Let $X = \mathbb{P}^1 \times \mathbb{P}^1$ over a field $k$ and consider $Ext^2(\mathcal{O}_X,\omega_X)\cong H^2(\omega_X) = H^2(\mathcal{O}_X(-2,-2)) = k$
Let $C = \mathbb{P}^1$. By Kunneth $H^2(\mathcal{O}_X(-2,-2))\cong H^1(\mathcal{O}_C(-2))\otimes H^1(\mathcal{O}_C(-2))$
I want to represent elements in these groups as extensions, i.e. exact sequence of sheaves upto a certain equivalence.
For example the nontrivial extension in $H^1(\mathcal{O}_C(-2))\cong Ext^1(\mathcal{O}_C,\mathcal{O}_C(-2))$ corresponds to $0\to \mathcal{O}(-2)\to \mathcal{O}(-1)^{\oplus 2} \to \mathcal{O}\to 0$
So the Kunneth isomorphism
$Ext^2(\mathcal{O}_X,\omega_X) \cong Ext^1(\mathcal{O}_C,\mathcal{O}_C(-2)) \otimes Ext^1(\mathcal{O}_C,\mathcal{O}_C(-2))$
suggests to me that one way to represent elements in the $Ext^2$ group is to pull back to two non trivial extensions to $X$ and stick them together.
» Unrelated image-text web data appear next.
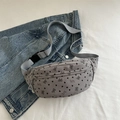 Grijze corduroy crossbodytas met zwarte hartjes, strikken en nylon riem - Grijs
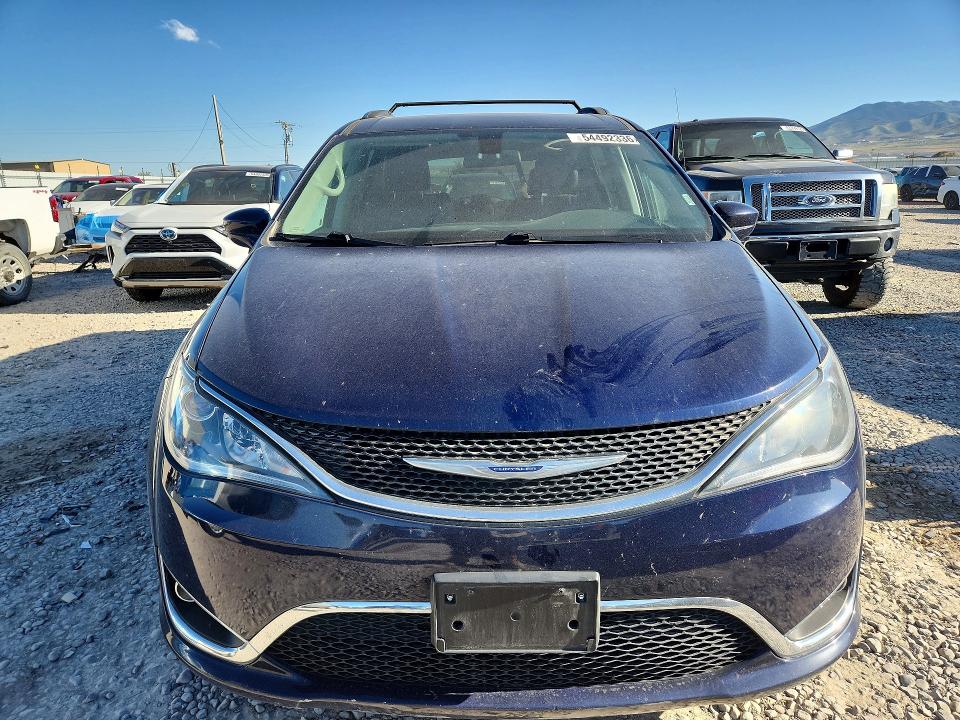 Продажа на аукционе авто 2018 Chrysler Pacifica, vin: 2C4RC1BG8JR357402, номер лота: 54492336
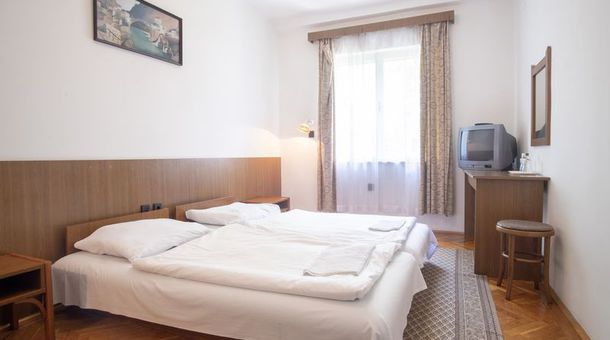 Hotel Sirály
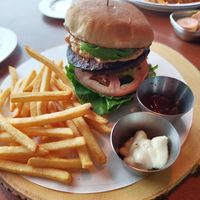 Burger at Avec in Jeju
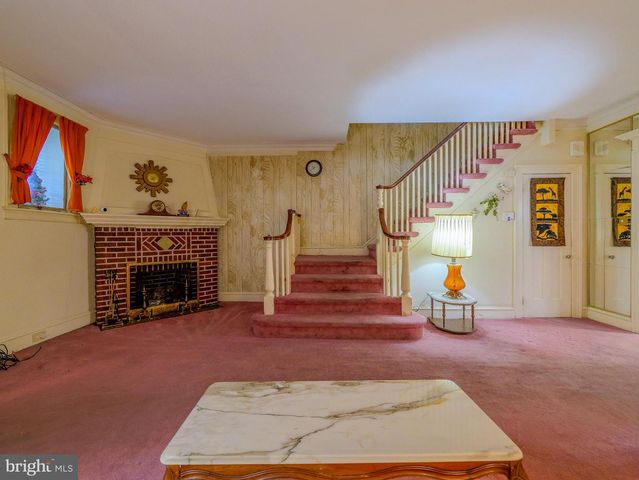 6202 ELLSWORTH ST, Philadelphia, PA 19143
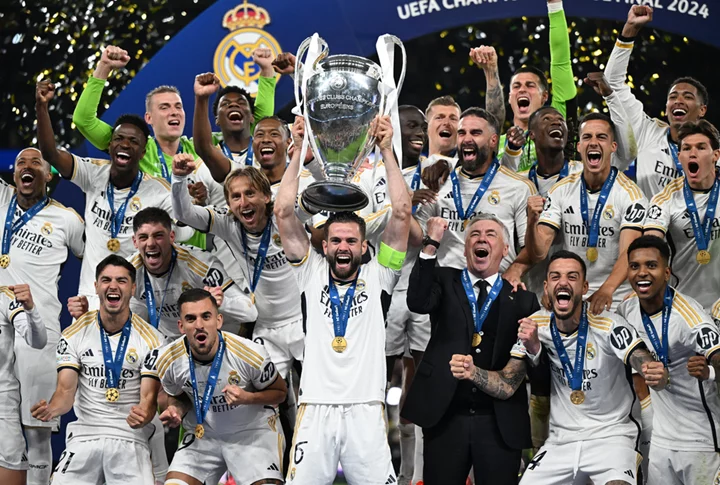 ảnh bìa Ronaldo Khoảnh khắc nâng cúp vô địch.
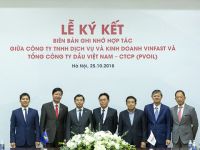 VinFast bắt tay với PV Oil triển khai trạm sạc và thuê pin cho xe điện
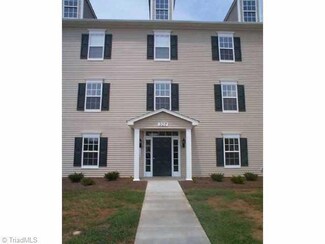107 Oak Wind Dr Unit 101, Advance, NC 27006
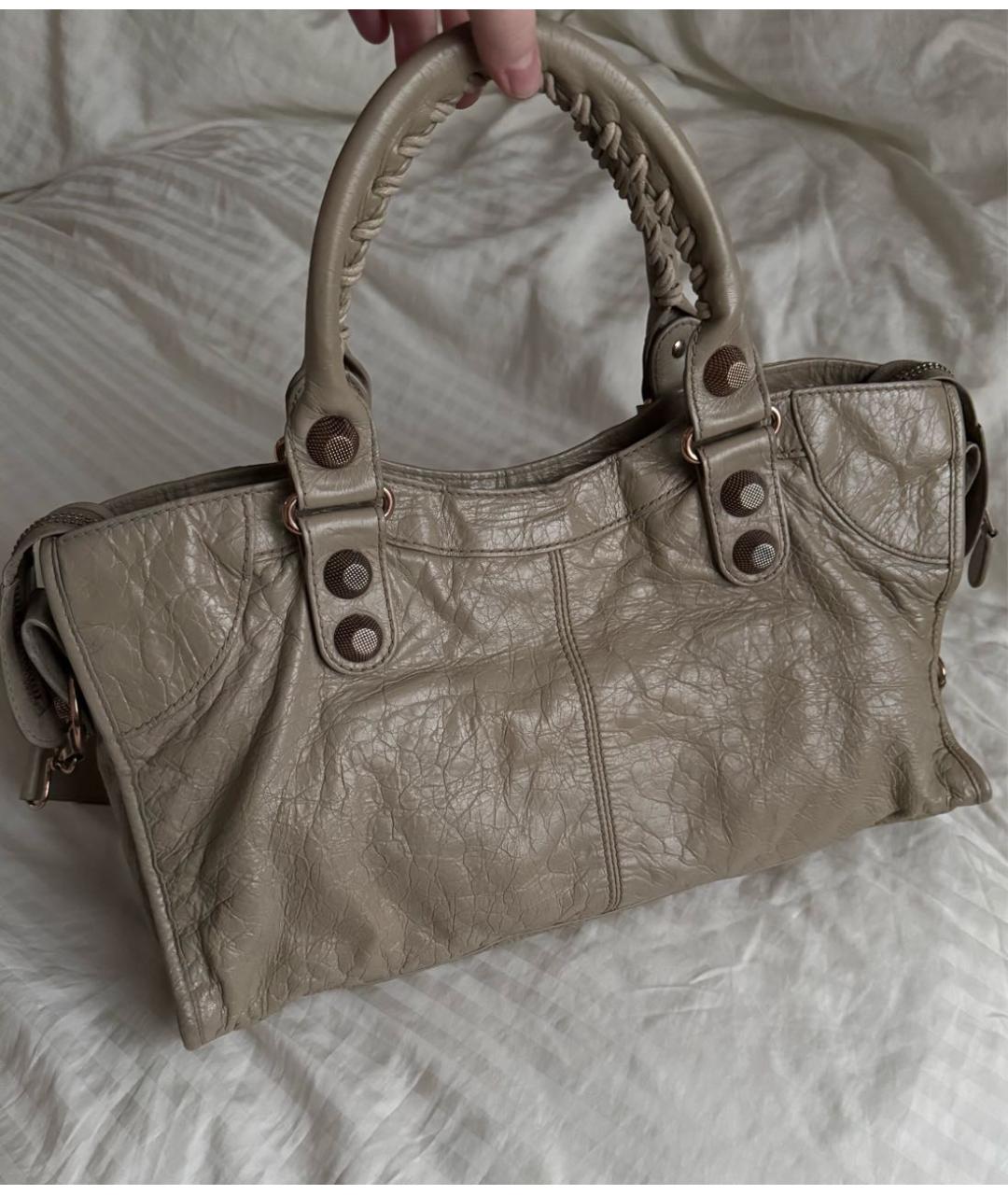 BALENCIAGA Бежевая кожаная сумка с короткими ручками, фото 2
The issue is that there are two different ways to do this leading to
$\mathcal{O}_X(-2,-2) \to \mathcal{O}_X(-2,-1)^{\oplus 2} \to \mathcal{O}_X(-1,0)^{\oplus 2}\to \mathcal{O}_X$
or
$\mathcal{O}_X(-2,-2) \to \mathcal{O}_X(-1,-2)^{\oplus 2} \to \mathcal{O}_X(0,-1)^{\oplus 2}\to \mathcal{O}_X$
The sequences sent to each other by switching the components and they are also Serre dual sequences but they don't seem to be equivalent extensions because there aren't any non trivial homs between the middle terms (although I suspect I might be wrong about this).
QUESTION
Do the two not so short exact sequences above represent the same extension class in $Ext^2(\mathcal{O}_X,\mathcal{O}_X(-2,-2)$? If they are the same, how can we see they are equivalent?